Re: [GIT PULL v2] Kbuild updates for v5.15-rc1
From: Segher Boessenkool
Date: Tue Sep 07 2021 - 11:31:14 EST
On Mon, Sep 06, 2021 at 03:24:41PM -0700, Linus Torvalds wrote:
> On Mon, Sep 6, 2021 at 2:52 PM Jakub Jelinek <jakub@xxxxxxxxxx> wrote:
> >
> > It is actually not that bad, stdlib.h is indeed included there because of 2
> > intrinsics out of more than 5000 and when one doesn't need those, just
> > #define _MM_MALLOC_H_INCLUDED
>
> .. and on clang?
Clang apparently has __MM_MALLOC_H as header guard here. But Clang
does say
#if __STDC_HOSTED__
#include <mm_malloc.h>
#endif
so they do not have this bug in the first place. GCC should fix this as
well. I filed <https://gcc.gnu.org/PR102231>. Thanks for bringing thisd
to our attention!
> There, I think you have to undefine __STDC_HOSTED__. Maybe by using
> -ffreestanding?
That defines it to 0, instead, as required by the C standard:
$ :|gcc -E -dM -|grep HOSTED
#define __STDC_HOSTED__ 1
$ :|gcc -E -dM - -ffreestanding|grep HOSTED
#define __STDC_HOSTED__ 0
Yes, that is how this works: the command line flag says how the macro
should be defined by the compiler (and changing it in your code is UB
btw).
> Except if you use -ffreestanding, you lose some very bvasic
> functionality (*),
(see below)
> And they should very much *not*at*all* be considered some kind of
> sacred "this is the only way to do things". Because that is clearly
> not true, and has *never* been true.
Take for example <stdint.h>. There is no other way to find out what
types to use for exact-width integers. Unless you really want to do
typedef unsigned int __attribute__((mode (DI))) u64;
but that is rather unportable to other compilers but GCC.
<stdint.h> *is* the only portable way for getting exact-width integers
(and some other things). This is not something we decide, it is not
something you can decide, it follows directly from the C standard.

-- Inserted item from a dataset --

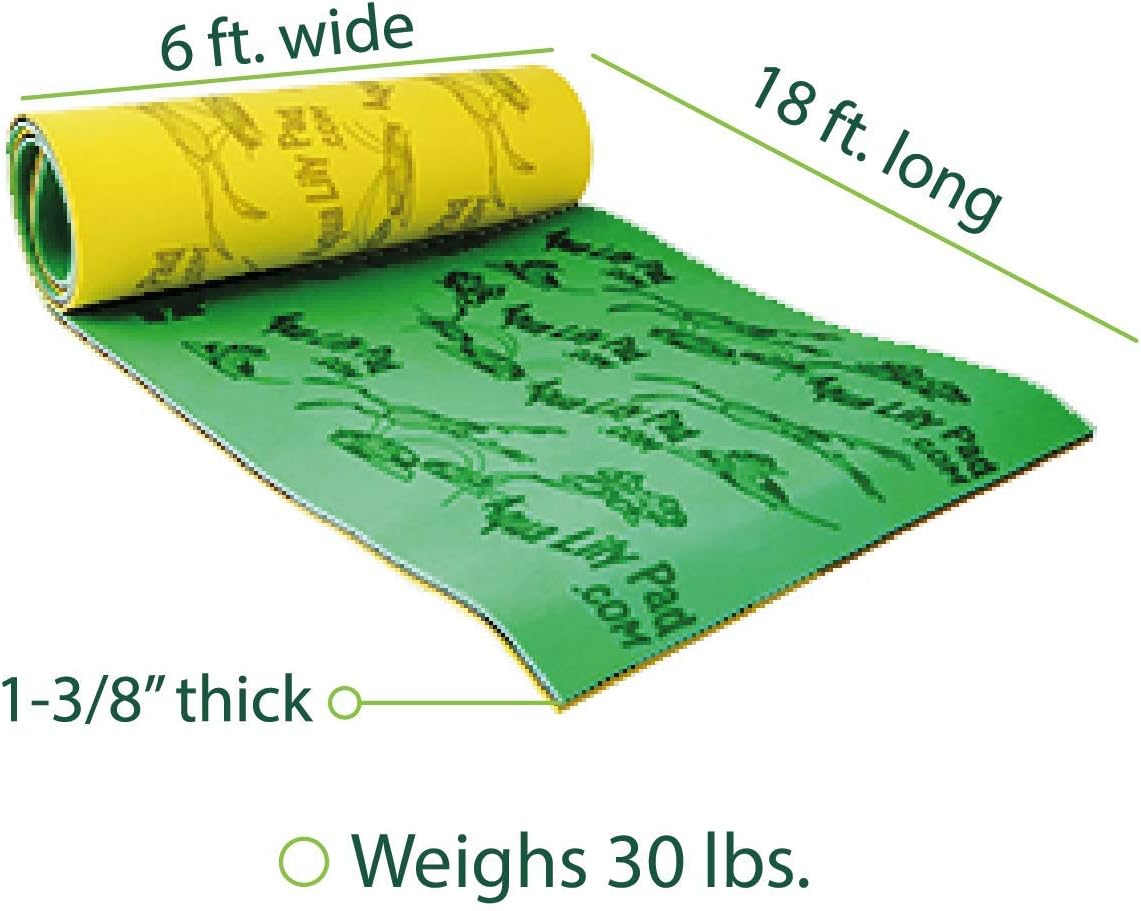 aqua lily pad amazon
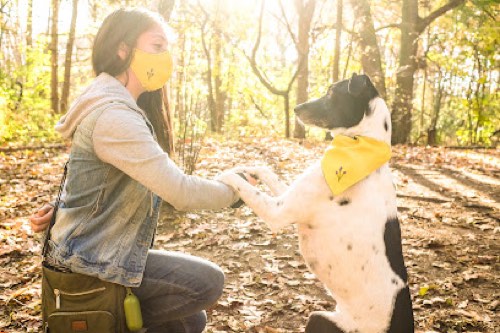 Barking Tree Dog Training — dog training in Burlington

Using it is easy. Not using it leads to the forest of include files and
preprocessor conditionals the kernel currently uses.
> The usable header files are the odd special case, not the general case.
>
> Really.
>
> Is it really so hard to just admit that the kernel shouldn't use those
> headers? When we have 30 years of experience in doing exactly that?
That isn't the core issue at hand. Yes, Linux has implemented all of it
manually historically, and there even were good reasons for some of
that. That does not mean that it would be a good idea to throw out the
few standard C headers it does use, and implement those with compiler
internal interfaces instead, which we advice you against.
> (*) iirc, with -ffreestanding gcc doesn't do all the basic memcpy()
> optimizations. But I forget the exact details.
I would love to hear any details about that.
I do know the Glibc headers do (or did?) some premature optimisation
wrt. some mem* and str*, hurting performance on newer compilers. But
you should not be using the Glibc headers for compiling the kernel at
all anyway, so maybe there was some bug thereabouts?